Presented by David Shea on September 10, 2003
Table of Contents
- 1. Overview
- 2. Editing
- 2.1. The text editor
- 2.2. Navigational tools
- 3. Compiling
- 3.1. The compiler
- 3.2. make
- 4. Debugging
- 4.1. Static Analysis
- 4.2. Interactive Debuggers
- 4.2.1. gdb
- 4.2.2. ddd
- 4.2.3. Memory Debugging Tools
- 4.2.4. Electric Fence
- 4.2.5. dmalloc
- 5. Resources
1. Overview
Unix and Linux are often seen as operating systems well suited for
programmers. There are a variety of powerful tools available, and common
standards allow for programs to be moved across systems and architectures
without any major changes to the source code. Rather than using a
particular piece of software to provide an integrated development
environment in which to program, all of Unix acts as a development
environment. IDE software is rarely seen, with programmers preferring
to use a text editor and a command line.
This method of programming, where each component for editing, compiling,
and debugging the program is a separate entity, may seem confusing at
first, but there are numerous tools available to bring everything together
and make programming as pleasant a task as possible.
2. Editing
2.1. The text editor
The choice of text editor is personal decision that can cause
pointless, heated arguments, so this article will make no attempt to
recommend any editor above any other. Just choose an editor that makes
you happy. Features that you may want to look for in more powerful editors
are syntax highlighting, easy navigation within and among files, and
automatic indentation.
2.2. Navigational tools
Navigating a project that spans several files can quickly become a
headache, so tools were created to quickly find a particular function or
definition. In general, the text editor provides an interface to these
tools, so they can be used from within the editor to move to different
files and functions.
Ctags allows for rapid navigation by scanning all of the source files
in a project and creating a tags file that contains the locations of
functions, global variables, and struct definitions. This file is then
used by the editor to jump to a particular location. Many editors
support ctags, and emacs provides a similar tool with etags.

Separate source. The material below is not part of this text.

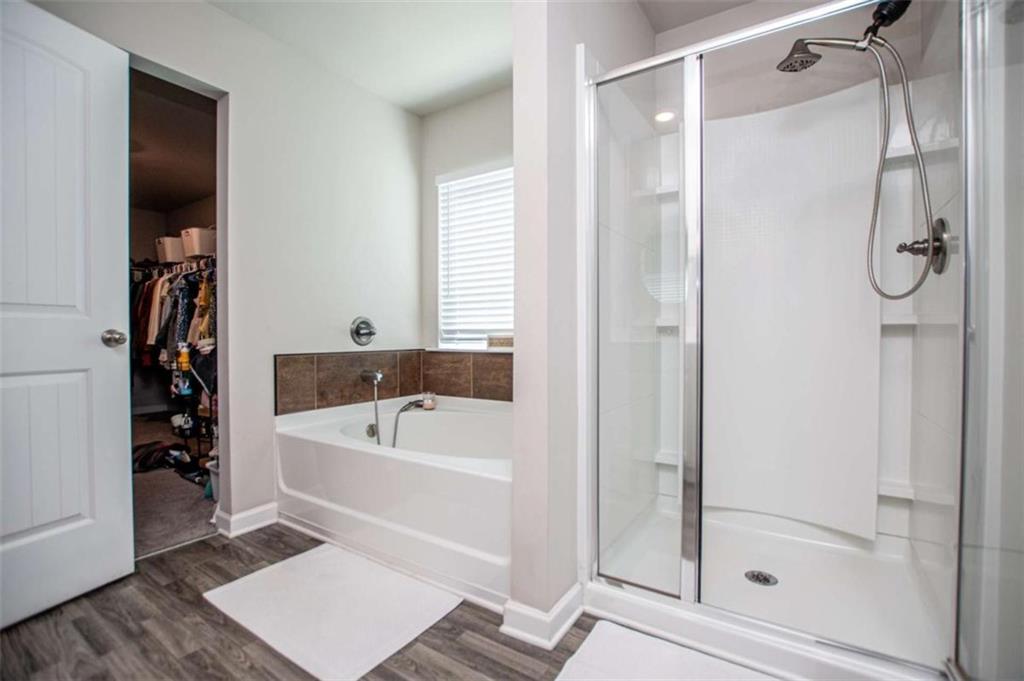512 Silver Leaf Parkway Property Photo 26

Cscope provides for similar navigation of a C project, but aims more
at being a navigation tool that runs an editor instead of a tool
used by an editor. It supports searches based on function names, global
definitions, or arbitrary strings of text.
3. Compiling
3.1. The compiler
Even if you’ve never used the compiler on a Unix system, you’ve probably
seen huge, incomprehensible blocks of output from make as a program
is compiled. Invoking the C compiler isn’t actually that complicated.
The C compiler on most systems is called cc. On Linux, cc will likely
be a symlink to gcc, the GNU C Compiler. cc usually doesn’t do anything
on its own, but rather provides a single interface to the preprocessor,
compiler, assembler, and linker. To compile a program, simply call cc
and give it the name of your source file.
cc test.c
This will create a file a.out that can then be run just like any other
program.
$ ./a.out
Hello, world!
$
There are a few things to note here. First, this is one of the few
times in Unix where the extension of the file matters. If the filename
does not end in ".c", the compiler will assume that it is
a pre-compiled object file, and fail with some sort of cryptic error
such as "Bad magic number". Second, the default output
filename is a.out, which stands for assembler output. This can be
changed by adding "-o
line. Lastly, unlike some other operating systems, such as DOS, the
current directory may not always be in the path searched for executable
programs. To run a program in the current directory, you either need
to add ‘.’ to the PATH environment variable, or run it as ./
as shown above. Adding ‘.’ to your PATH can be dangerous, though, since
there could be malicious programs in your current directory with names
like "ls" or "cp", so just using ./ is your safest bet.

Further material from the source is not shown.